= How to complete this task =
Line by line, repeat the material below exactly and leave the images out.

--- Given information ---

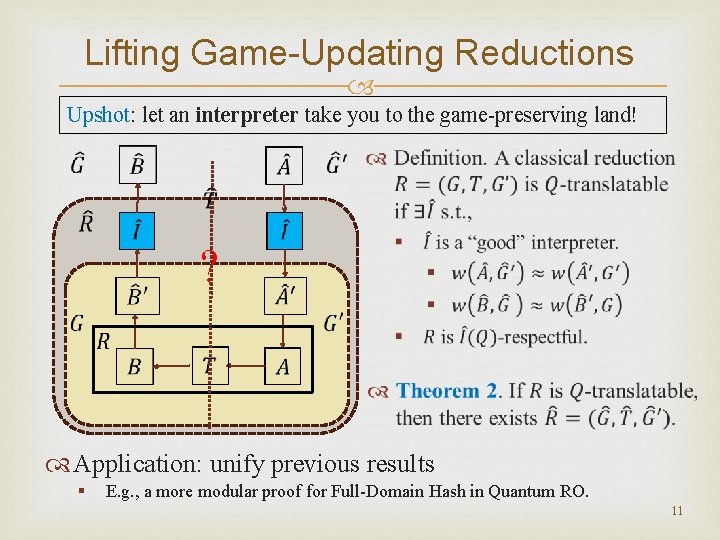 Lifting Game-Updating Reductions Upshot: let an interpreter take you to the game-preserving land! ?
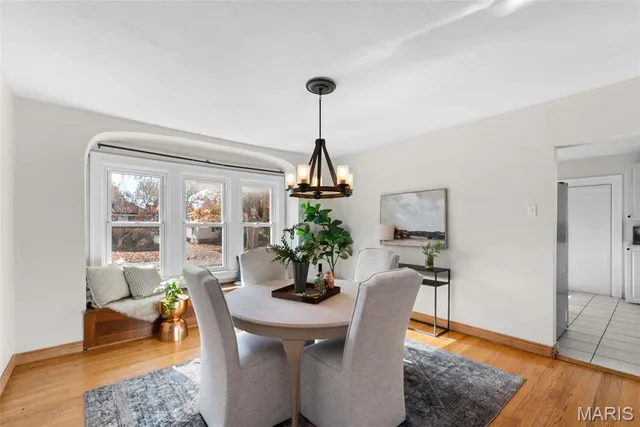 $365,000 | 3935 McCausland Avenue, St. Louis, MO 63109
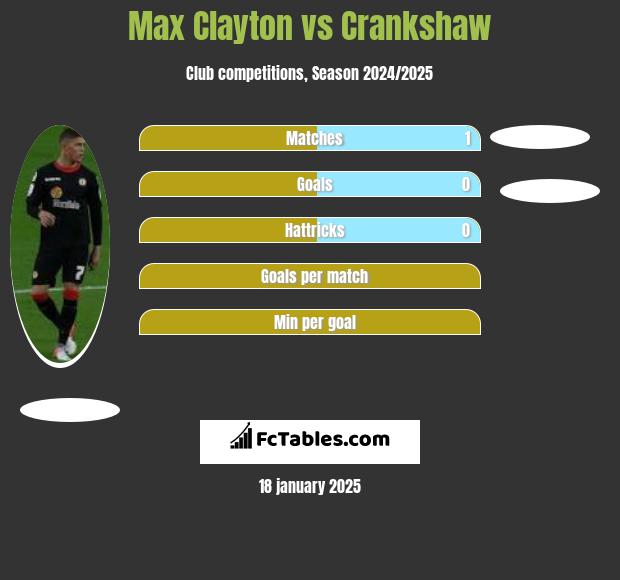 Max Clayton vs Crankshaw h2h player stats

---

= Exercise result =
 Lifting Game-Updating Reductions Upshot: let an interpreter take you to the game-preserving land! ?
 $365,000 | 3935 McCausland Avenue, St. Louis, MO 63109
 Max Clayton vs Crankshaw h2h player stats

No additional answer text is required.